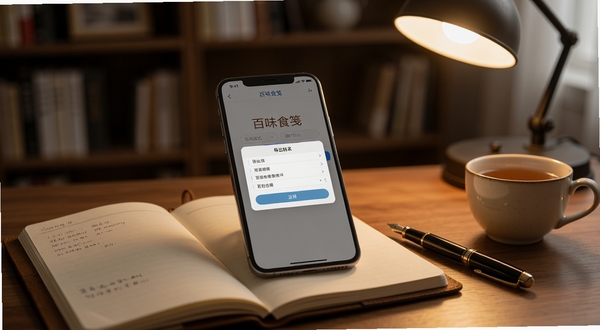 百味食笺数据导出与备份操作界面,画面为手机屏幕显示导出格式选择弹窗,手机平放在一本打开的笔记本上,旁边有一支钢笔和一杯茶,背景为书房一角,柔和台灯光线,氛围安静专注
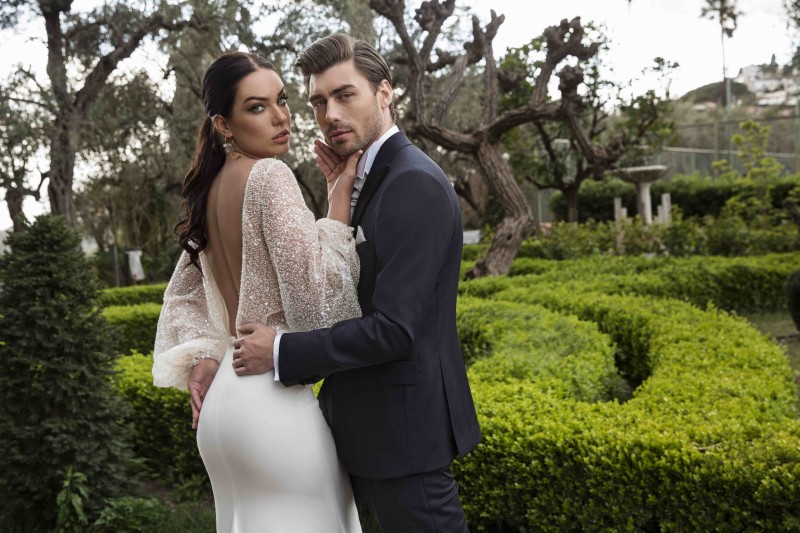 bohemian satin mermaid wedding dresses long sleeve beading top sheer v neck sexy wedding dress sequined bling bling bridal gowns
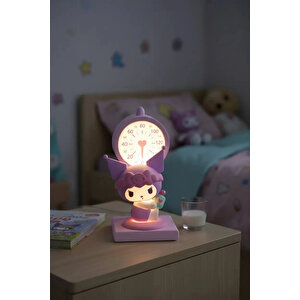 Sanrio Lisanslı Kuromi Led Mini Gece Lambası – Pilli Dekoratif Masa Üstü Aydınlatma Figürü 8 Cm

§ §

**Exercise**:
Exclude the pictures and print the rest of the data exactly.

**Exercise result**:
 百味食笺数据导出与备份操作界面,画面为手机屏幕显示导出格式选择弹窗,手机平放在一本打开的笔记本上,旁边有一支钢笔和一杯茶,背景为书房一角,柔和台灯光线,氛围安静专注
 bohemian satin mermaid wedding dresses long sleeve beading top sheer v neck sexy wedding dress sequined bling bling bridal gowns
 Sanrio Lisanslı Kuromi Led Mini Gece Lambası – Pilli Dekoratif Masa Üstü Aydınlatma Figürü 8 Cm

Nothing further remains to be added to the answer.